Entre los vicios hay uno que, si bien se repite en otras latitudes, en Argentina suele estar exacerbado: la tendencia –por parte también de escritores, editores– a construir ghettos y practicar una suerte de “trotskismo literario”, es decir: constituir “grupos cuya principal actividad es fraccionarse en grupos más pequeños”, dice Laura Ponce, escritora y editora de la revista Próxima, y a eso se podrían agregar las rencillas, los enredos, las enemistades, elogios mutuos y premios para los amigos.

Al respecto, el escritor Juan Manuel Valitutti señala otra paradoja: “La ciencia ficción tiene la capacidad de absorber otros géneros como ninguno: uno puede hacer un policial desde la ciencia ficción, pero no puede ir en un proceso inverso, es decir, la ciencia ficción no tiene límites, pero parece que los límites los ponemos nosotros, alimentando el ghetto”, dice.

Por su parte, Carlos Gardini dice que nunca tuvo nada que ver con el ghetto –“El escritor tiene que ser un tipo solitario”, dirá–, y cuenta una anécdota con esa asociación que durante los 80 nucleó a buena parte de los escritores, lectores, editores e ilustradores de entonces: el Círculo Argentino de Ciencia-ficción y Fantasía, el CACyF. “En un momento yo competía por el premio Más Allá con Angélica Gorodischer, y lo ganó Angélica. Chapeau. Me parece perfecto. Por supuesto, con su vanidad, todo lo quiere ganar uno. Pero vos decís, competí con Angélica... Listo, ya está. Pero después compito con un tipo que es un analfabeto, que publica un cuento con faltas de ortografía, y él lo gana, ¿por qué? Muy sencillo: porque hacía toda la interna...”.

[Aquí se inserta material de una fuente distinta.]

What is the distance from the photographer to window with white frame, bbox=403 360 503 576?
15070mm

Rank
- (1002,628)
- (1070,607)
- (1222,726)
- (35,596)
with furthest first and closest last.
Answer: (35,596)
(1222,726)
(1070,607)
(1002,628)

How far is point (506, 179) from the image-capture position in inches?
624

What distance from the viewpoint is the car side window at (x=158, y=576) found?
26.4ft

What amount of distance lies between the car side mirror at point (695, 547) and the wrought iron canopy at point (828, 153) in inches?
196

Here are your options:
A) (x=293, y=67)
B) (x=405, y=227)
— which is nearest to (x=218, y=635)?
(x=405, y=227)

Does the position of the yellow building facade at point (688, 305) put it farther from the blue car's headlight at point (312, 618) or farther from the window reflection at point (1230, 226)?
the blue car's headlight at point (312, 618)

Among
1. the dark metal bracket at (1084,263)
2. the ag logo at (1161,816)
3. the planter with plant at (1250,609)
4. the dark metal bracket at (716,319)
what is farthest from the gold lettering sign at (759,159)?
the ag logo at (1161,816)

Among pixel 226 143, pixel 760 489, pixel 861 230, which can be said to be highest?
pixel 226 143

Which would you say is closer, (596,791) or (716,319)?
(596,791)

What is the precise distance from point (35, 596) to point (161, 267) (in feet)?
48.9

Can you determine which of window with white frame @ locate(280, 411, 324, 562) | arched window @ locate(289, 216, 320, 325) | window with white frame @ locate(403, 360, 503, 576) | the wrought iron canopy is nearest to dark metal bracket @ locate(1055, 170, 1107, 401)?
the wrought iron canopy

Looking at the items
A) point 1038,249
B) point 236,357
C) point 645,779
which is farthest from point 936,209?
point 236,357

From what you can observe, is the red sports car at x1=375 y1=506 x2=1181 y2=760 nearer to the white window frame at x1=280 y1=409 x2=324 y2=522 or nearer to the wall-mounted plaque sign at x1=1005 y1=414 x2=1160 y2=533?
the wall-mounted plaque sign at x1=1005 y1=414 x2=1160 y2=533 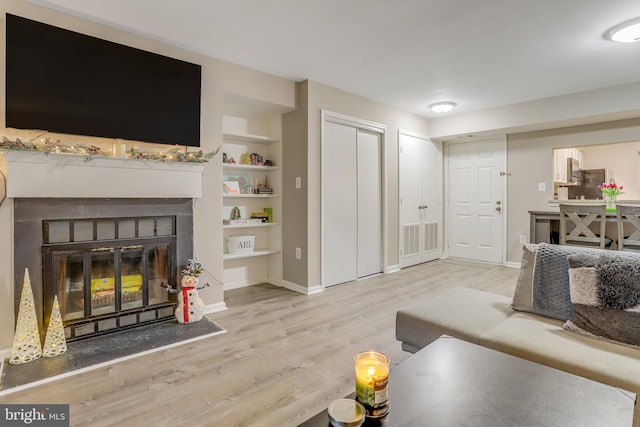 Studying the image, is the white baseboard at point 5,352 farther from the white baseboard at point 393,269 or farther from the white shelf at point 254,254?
the white baseboard at point 393,269

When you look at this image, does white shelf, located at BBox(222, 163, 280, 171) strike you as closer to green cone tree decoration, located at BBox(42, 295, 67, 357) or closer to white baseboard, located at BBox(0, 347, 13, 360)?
green cone tree decoration, located at BBox(42, 295, 67, 357)

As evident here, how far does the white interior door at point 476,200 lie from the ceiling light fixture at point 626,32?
2552mm

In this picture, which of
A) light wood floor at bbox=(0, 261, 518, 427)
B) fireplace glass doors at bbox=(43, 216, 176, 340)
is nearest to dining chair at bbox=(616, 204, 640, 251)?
light wood floor at bbox=(0, 261, 518, 427)

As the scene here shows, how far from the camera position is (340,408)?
1.01 meters

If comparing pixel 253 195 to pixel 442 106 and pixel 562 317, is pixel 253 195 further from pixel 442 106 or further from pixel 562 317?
pixel 562 317

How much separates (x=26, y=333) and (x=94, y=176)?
1.13 metres

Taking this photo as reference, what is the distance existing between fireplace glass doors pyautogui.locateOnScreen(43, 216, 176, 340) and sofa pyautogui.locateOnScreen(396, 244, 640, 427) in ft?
6.80

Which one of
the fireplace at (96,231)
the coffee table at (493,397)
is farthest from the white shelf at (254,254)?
the coffee table at (493,397)

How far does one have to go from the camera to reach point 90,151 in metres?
2.44

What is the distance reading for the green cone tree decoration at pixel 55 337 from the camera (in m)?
2.22

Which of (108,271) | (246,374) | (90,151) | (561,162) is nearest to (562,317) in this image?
(246,374)

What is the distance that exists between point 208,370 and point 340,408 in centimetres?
139

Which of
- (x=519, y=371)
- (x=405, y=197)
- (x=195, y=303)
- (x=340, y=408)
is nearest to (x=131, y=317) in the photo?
(x=195, y=303)

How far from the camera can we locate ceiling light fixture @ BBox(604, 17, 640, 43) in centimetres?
250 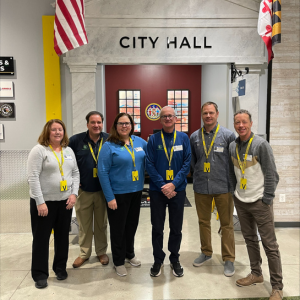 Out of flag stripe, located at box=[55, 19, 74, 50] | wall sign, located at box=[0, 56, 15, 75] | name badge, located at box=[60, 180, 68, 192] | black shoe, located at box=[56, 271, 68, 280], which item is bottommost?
black shoe, located at box=[56, 271, 68, 280]

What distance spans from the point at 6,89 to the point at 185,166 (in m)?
2.90

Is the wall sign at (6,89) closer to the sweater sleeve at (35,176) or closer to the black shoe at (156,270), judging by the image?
the sweater sleeve at (35,176)

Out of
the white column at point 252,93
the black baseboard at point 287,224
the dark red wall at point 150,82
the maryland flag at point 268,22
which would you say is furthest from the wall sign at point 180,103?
the maryland flag at point 268,22

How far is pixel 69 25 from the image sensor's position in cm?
354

Desde luego, ese vicio endogámico no surge de una perversión natural de quienes integran el fandom, fenómeno que, por cierto, permitió que se intercambiara información “que no se conseguía en cualquier lado”, dice Laura Ponce, y agrega algo que podría haberlo dicho un “booktuber”: “Entonces era muy valioso que una persona que vos sabés que comparte tus gustos te dijera ‘leí ese material’”. Esta coincidencia no es en modo alguno extraña, porque las condiciones de posibilidad del fandom, con sus vicios, son muy parecidas a las que últimamente posibilitaron la emergencia de esa tribu urbana de lectores. Digamos que el rechazo de la crítica, el desdén de la academia, más cierta forma –casi inherente al género, podría decirse– de promover comunidades de lectores, dio como resultado la creación de canales propios de difusión, distribución, el establecimiento de ciertos parámetros de lectura, y también el surgimiento de cofradías donde la exclusión pasa a ser casi un regodeo: un “goce en el síntoma”, diría algún psicoanalista.

Sin embargo, más allá de las rencillas y las exclusiones, hay que decir que la ciencia ficción argentina, con ese toque distintivo que le da su tendencia a hibridarse con el “fantástico rioplatense”, tiene una tradición para nada desdeñable –hoy nadie parece tomar muy en serio esa célebre opinión de Elvio Gandolfo–, y ocupa un lugar más que destacado dentro de la ciencia ficción que se ha producido en el mundo hispanohablante, donde Argentina siempre ha estado a la vanguardia: entre otras cosas, aquí se publicó la primera revista de ciencia ficción –La novela fantástica, en 1937–; el primer ensayo serio –El sentido de la ciencia ficción, de Capanna– y la primera revista electrónica, Axxón, de donde por cierto salió buena parte de la última camada de escritores que están publicando hoy. Publicando y peleándose, claro.